/movielens-imdb-exploration

Data exploration of MovieLens and IMDb datasets to create Movinder. Movie recommendation system for a group of people.

Primary LanguageHTMLMIT LicenseMIT

Movinder

First release

Movinder

Website

This repository contains data exploration of MovieLens and IMDb datasets to create Movinder - movie recommendation system for a group of people.

Proposal

Using the wealth of data available on user preferences, researchers and online streaming companies have extensively researched and deployed movie recommender systems. Most recommendation algorithms process the preferences of each user, and potentially those of other similar users, to predict other movies they might like. However, watching movies is often a social activity shared by multiple actors, such as a group of friends. The social dimension of watching movies contradicts common approaches that strive to satisfy one user at a time. In this project, we propose a movie recommender system that aims to maximize the collective satisfaction of a group of users.

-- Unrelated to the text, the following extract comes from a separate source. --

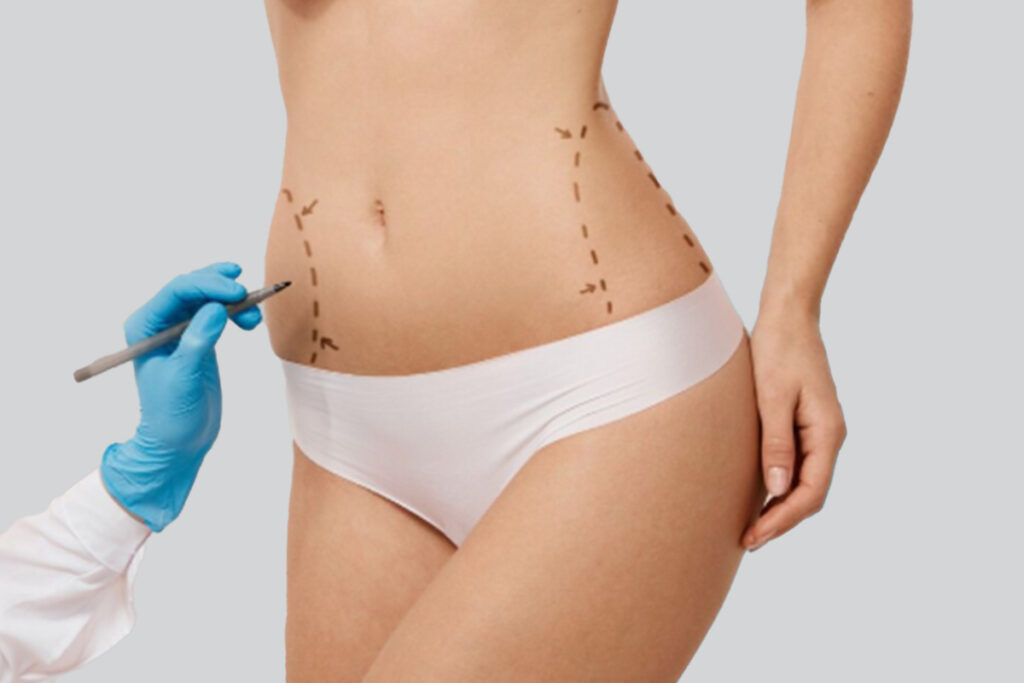 Buikwandcorrectie in Turkije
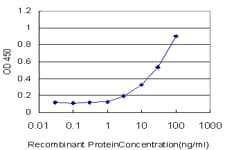 CHEK1 / CHK1 Antibody (clone 2G3)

In order to implement our movie recommender system, we use the MovieLens dataset. The data contains 100K ratings from 1K users on 1.7K movies and has been used traditionally for recommender system research. Based on the data, we construct two graphs as follows: i) a user graph that models the similarity of users based on their personal details (age, gender, occupation and location), and ii) a movie graph that models the similarity of movies based on their characteristics (release date, genre and title). Nodes have a vector signal that corresponds to the respective ratings. We plan to enrich the movie graph with features extracted from the IMDb dataset (Internet Movie Database) which contains additional information such as the cast of the movie, production companies and relationships between movies. The graph structure is used to generalize the partial information provided by the ratings.

As mentioned, the main goal of our project is to build a recommendation system using graph neural networks. Moreover, the dataset will enable us to have some insights about movie tastes in different countries and among different age groups. Using various dimensionality reduction and clustering algorithms, we may reveal any polarization in the graph.

In order to recommend the correct movies to the group of users, we need to define a similarity metric between the two movies (graph where movie is a node) or the two groups of users (graph where friends are a node). Therefore, since it is not known to be a familiar distance (e.g. Euclidean), we would need to learn this distance metric which will represent the edges of the sparsely connected similarity graph. To do that, we would need to create a dataset of ground truths containing similar movies/users from which the neural network will learn the similarity metric. Ideally, with this we would be able to learn not only the similarity metric, but also the embedding space where the movies/users will be visually close to other similar movies/users.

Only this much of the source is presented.